- **Action item**
The expected answer is all of the entries, written out exactly.

Brief descriptive captions
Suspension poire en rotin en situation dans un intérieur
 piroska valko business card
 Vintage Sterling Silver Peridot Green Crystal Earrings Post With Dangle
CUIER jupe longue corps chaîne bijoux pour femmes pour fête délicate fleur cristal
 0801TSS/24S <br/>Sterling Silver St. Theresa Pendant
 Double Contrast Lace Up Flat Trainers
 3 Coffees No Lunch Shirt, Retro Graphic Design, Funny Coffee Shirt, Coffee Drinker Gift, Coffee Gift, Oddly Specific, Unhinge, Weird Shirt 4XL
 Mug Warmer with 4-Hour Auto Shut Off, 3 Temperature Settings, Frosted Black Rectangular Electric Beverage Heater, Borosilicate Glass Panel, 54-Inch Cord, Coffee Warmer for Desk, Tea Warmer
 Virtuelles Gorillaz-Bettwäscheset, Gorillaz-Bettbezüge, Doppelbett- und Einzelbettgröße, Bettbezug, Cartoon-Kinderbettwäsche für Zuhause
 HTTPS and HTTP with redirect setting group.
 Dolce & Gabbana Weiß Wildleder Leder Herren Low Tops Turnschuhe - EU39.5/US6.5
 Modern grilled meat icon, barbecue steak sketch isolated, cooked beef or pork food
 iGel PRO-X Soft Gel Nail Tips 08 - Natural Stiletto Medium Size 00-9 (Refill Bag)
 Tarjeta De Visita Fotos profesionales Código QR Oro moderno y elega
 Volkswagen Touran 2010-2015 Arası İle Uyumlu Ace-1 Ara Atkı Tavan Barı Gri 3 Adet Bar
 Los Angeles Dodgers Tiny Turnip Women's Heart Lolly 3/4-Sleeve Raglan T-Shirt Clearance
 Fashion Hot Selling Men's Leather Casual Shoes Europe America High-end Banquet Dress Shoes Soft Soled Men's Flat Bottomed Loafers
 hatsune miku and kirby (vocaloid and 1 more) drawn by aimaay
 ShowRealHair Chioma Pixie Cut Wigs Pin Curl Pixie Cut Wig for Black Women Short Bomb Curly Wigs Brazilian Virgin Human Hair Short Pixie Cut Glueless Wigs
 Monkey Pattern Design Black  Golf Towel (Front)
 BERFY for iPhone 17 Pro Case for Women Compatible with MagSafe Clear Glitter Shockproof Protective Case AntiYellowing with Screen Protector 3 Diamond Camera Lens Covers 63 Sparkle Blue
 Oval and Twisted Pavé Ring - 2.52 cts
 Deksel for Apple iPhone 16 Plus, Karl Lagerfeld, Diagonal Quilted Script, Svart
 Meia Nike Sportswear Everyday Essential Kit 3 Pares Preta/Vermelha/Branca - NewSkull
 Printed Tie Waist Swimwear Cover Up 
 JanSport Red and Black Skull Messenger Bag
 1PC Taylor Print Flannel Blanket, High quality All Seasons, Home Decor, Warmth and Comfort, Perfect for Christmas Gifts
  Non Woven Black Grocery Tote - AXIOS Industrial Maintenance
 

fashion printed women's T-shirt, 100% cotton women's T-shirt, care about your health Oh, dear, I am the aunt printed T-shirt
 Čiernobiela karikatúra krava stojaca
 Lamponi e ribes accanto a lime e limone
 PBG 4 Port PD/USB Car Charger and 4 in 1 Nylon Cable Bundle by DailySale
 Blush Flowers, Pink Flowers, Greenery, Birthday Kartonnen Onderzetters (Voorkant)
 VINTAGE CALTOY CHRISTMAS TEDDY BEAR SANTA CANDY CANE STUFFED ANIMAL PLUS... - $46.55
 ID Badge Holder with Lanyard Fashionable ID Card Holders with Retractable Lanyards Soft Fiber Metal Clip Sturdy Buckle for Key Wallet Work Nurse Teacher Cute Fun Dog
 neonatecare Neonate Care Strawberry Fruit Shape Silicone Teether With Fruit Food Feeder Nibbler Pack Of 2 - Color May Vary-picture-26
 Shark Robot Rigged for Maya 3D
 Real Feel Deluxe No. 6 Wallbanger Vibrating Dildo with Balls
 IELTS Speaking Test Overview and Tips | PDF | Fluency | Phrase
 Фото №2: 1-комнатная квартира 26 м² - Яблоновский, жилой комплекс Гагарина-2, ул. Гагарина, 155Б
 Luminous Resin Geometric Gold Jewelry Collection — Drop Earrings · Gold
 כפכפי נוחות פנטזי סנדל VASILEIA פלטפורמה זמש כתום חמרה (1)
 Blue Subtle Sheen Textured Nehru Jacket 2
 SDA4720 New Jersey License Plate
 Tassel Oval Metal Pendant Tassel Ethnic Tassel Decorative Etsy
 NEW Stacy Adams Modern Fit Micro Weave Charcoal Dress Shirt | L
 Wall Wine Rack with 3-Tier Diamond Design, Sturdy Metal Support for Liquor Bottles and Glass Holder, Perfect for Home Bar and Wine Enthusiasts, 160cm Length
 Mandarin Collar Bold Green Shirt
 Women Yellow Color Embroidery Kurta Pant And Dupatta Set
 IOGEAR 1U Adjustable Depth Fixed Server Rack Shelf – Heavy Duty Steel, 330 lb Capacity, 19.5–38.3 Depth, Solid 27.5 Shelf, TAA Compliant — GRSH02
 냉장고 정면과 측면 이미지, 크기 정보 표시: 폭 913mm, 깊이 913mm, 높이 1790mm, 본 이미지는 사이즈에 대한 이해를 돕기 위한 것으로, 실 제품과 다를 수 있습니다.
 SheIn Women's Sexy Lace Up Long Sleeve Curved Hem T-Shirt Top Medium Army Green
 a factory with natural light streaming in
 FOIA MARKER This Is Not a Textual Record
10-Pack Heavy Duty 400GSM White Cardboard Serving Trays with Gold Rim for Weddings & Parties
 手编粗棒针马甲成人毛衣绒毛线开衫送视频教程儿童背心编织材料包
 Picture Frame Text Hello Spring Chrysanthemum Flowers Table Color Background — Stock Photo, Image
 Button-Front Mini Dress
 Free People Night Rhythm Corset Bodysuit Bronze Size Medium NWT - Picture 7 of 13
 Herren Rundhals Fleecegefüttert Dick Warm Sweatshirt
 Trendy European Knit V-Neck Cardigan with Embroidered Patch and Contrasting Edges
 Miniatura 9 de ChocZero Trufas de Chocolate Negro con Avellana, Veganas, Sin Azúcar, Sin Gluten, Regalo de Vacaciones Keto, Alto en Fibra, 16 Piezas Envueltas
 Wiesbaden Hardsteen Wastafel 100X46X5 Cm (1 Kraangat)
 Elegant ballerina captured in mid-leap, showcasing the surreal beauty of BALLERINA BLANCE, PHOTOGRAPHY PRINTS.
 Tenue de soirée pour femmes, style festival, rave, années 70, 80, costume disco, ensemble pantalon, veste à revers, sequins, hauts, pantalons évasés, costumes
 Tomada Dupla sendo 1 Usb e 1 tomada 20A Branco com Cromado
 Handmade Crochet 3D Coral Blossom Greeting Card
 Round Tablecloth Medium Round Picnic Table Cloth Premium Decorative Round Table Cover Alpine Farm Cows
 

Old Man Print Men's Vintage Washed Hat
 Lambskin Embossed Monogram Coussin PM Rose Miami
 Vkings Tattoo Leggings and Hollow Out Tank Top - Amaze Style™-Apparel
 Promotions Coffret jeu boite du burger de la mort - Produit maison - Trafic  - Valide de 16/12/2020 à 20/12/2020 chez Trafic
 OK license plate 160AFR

- **Your response**
Suspension poire en rotin en situation dans un intérieur
 piroska valko business card
 Vintage Sterling Silver Peridot Green Crystal Earrings Post With Dangle
CUIER jupe longue corps chaîne bijoux pour femmes pour fête délicate fleur cristal
 0801TSS/24S <br/>Sterling Silver St. Theresa Pendant
 Double Contrast Lace Up Flat Trainers
 3 Coffees No Lunch Shirt, Retro Graphic Design, Funny Coffee Shirt, Coffee Drinker Gift, Coffee Gift, Oddly Specific, Unhinge, Weird Shirt 4XL
 Mug Warmer with 4-Hour Auto Shut Off, 3 Temperature Settings, Frosted Black Rectangular Electric Beverage Heater, Borosilicate Glass Panel, 54-Inch Cord, Coffee Warmer for Desk, Tea Warmer
 Virtuelles Gorillaz-Bettwäscheset, Gorillaz-Bettbezüge, Doppelbett- und Einzelbettgröße, Bettbezug, Cartoon-Kinderbettwäsche für Zuhause
 HTTPS and HTTP with redirect setting group.
 Dolce & Gabbana Weiß Wildleder Leder Herren Low Tops Turnschuhe - EU39.5/US6.5
 Modern grilled meat icon, barbecue steak sketch isolated, cooked beef or pork food
 iGel PRO-X Soft Gel Nail Tips 08 - Natural Stiletto Medium Size 00-9 (Refill Bag)
 Tarjeta De Visita Fotos profesionales Código QR Oro moderno y elega
 Volkswagen Touran 2010-2015 Arası İle Uyumlu Ace-1 Ara Atkı Tavan Barı Gri 3 Adet Bar
 Los Angeles Dodgers Tiny Turnip Women's Heart Lolly 3/4-Sleeve Raglan T-Shirt Clearance
 Fashion Hot Selling Men's Leather Casual Shoes Europe America High-end Banquet Dress Shoes Soft Soled Men's Flat Bottomed Loafers
 hatsune miku and kirby (vocaloid and 1 more) drawn by aimaay
 ShowRealHair Chioma Pixie Cut Wigs Pin Curl Pixie Cut Wig for Black Women Short Bomb Curly Wigs Brazilian Virgin Human Hair Short Pixie Cut Glueless Wigs
 Monkey Pattern Design Black  Golf Towel (Front)
 BERFY for iPhone 17 Pro Case for Women Compatible with MagSafe Clear Glitter Shockproof Protective Case AntiYellowing with Screen Protector 3 Diamond Camera Lens Covers 63 Sparkle Blue
 Oval and Twisted Pavé Ring - 2.52 cts
 Deksel for Apple iPhone 16 Plus, Karl Lagerfeld, Diagonal Quilted Script, Svart
 Meia Nike Sportswear Everyday Essential Kit 3 Pares Preta/Vermelha/Branca - NewSkull
 Printed Tie Waist Swimwear Cover Up 
 JanSport Red and Black Skull Messenger Bag
 1PC Taylor Print Flannel Blanket, High quality All Seasons, Home Decor, Warmth and Comfort, Perfect for Christmas Gifts
  Non Woven Black Grocery Tote - AXIOS Industrial Maintenance
 

fashion printed women's T-shirt, 100% cotton women's T-shirt, care about your health Oh, dear, I am the aunt printed T-shirt
 Čiernobiela karikatúra krava stojaca
 Lamponi e ribes accanto a lime e limone
 PBG 4 Port PD/USB Car Charger and 4 in 1 Nylon Cable Bundle by DailySale
 Blush Flowers, Pink Flowers, Greenery, Birthday Kartonnen Onderzetters (Voorkant)
 VINTAGE CALTOY CHRISTMAS TEDDY BEAR SANTA CANDY CANE STUFFED ANIMAL PLUS... - $46.55
 ID Badge Holder with Lanyard Fashionable ID Card Holders with Retractable Lanyards Soft Fiber Metal Clip Sturdy Buckle for Key Wallet Work Nurse Teacher Cute Fun Dog
 neonatecare Neonate Care Strawberry Fruit Shape Silicone Teether With Fruit Food Feeder Nibbler Pack Of 2 - Color May Vary-picture-26
 Shark Robot Rigged for Maya 3D
 Real Feel Deluxe No. 6 Wallbanger Vibrating Dildo with Balls
 IELTS Speaking Test Overview and Tips | PDF | Fluency | Phrase
 Фото №2: 1-комнатная квартира 26 м² - Яблоновский, жилой комплекс Гагарина-2, ул. Гагарина, 155Б
 Luminous Resin Geometric Gold Jewelry Collection — Drop Earrings · Gold
 כפכפי נוחות פנטזי סנדל VASILEIA פלטפורמה זמש כתום חמרה (1)
 Blue Subtle Sheen Textured Nehru Jacket 2
 SDA4720 New Jersey License Plate
 Tassel Oval Metal Pendant Tassel Ethnic Tassel Decorative Etsy
 NEW Stacy Adams Modern Fit Micro Weave Charcoal Dress Shirt | L
 Wall Wine Rack with 3-Tier Diamond Design, Sturdy Metal Support for Liquor Bottles and Glass Holder, Perfect for Home Bar and Wine Enthusiasts, 160cm Length
 Mandarin Collar Bold Green Shirt
 Women Yellow Color Embroidery Kurta Pant And Dupatta Set
 IOGEAR 1U Adjustable Depth Fixed Server Rack Shelf – Heavy Duty Steel, 330 lb Capacity, 19.5–38.3 Depth, Solid 27.5 Shelf, TAA Compliant — GRSH02
 냉장고 정면과 측면 이미지, 크기 정보 표시: 폭 913mm, 깊이 913mm, 높이 1790mm, 본 이미지는 사이즈에 대한 이해를 돕기 위한 것으로, 실 제품과 다를 수 있습니다.
 SheIn Women's Sexy Lace Up Long Sleeve Curved Hem T-Shirt Top Medium Army Green
 a factory with natural light streaming in
 FOIA MARKER This Is Not a Textual Record
10-Pack Heavy Duty 400GSM White Cardboard Serving Trays with Gold Rim for Weddings & Parties
 手编粗棒针马甲成人毛衣绒毛线开衫送视频教程儿童背心编织材料包
 Picture Frame Text Hello Spring Chrysanthemum Flowers Table Color Background — Stock Photo, Image
 Button-Front Mini Dress
 Free People Night Rhythm Corset Bodysuit Bronze Size Medium NWT - Picture 7 of 13
 Herren Rundhals Fleecegefüttert Dick Warm Sweatshirt
 Trendy European Knit V-Neck Cardigan with Embroidered Patch and Contrasting Edges
 Miniatura 9 de ChocZero Trufas de Chocolate Negro con Avellana, Veganas, Sin Azúcar, Sin Gluten, Regalo de Vacaciones Keto, Alto en Fibra, 16 Piezas Envueltas
 Wiesbaden Hardsteen Wastafel 100X46X5 Cm (1 Kraangat)
 Elegant ballerina captured in mid-leap, showcasing the surreal beauty of BALLERINA BLANCE, PHOTOGRAPHY PRINTS.
 Tenue de soirée pour femmes, style festival, rave, années 70, 80, costume disco, ensemble pantalon, veste à revers, sequins, hauts, pantalons évasés, costumes
 Tomada Dupla sendo 1 Usb e 1 tomada 20A Branco com Cromado
 Handmade Crochet 3D Coral Blossom Greeting Card
 Round Tablecloth Medium Round Picnic Table Cloth Premium Decorative Round Table Cover Alpine Farm Cows
 

Old Man Print Men's Vintage Washed Hat
 Lambskin Embossed Monogram Coussin PM Rose Miami
 Vkings Tattoo Leggings and Hollow Out Tank Top - Amaze Style™-Apparel
 Promotions Coffret jeu boite du burger de la mort - Produit maison - Trafic  - Valide de 16/12/2020 à 20/12/2020 chez Trafic
 OK license plate 160AFR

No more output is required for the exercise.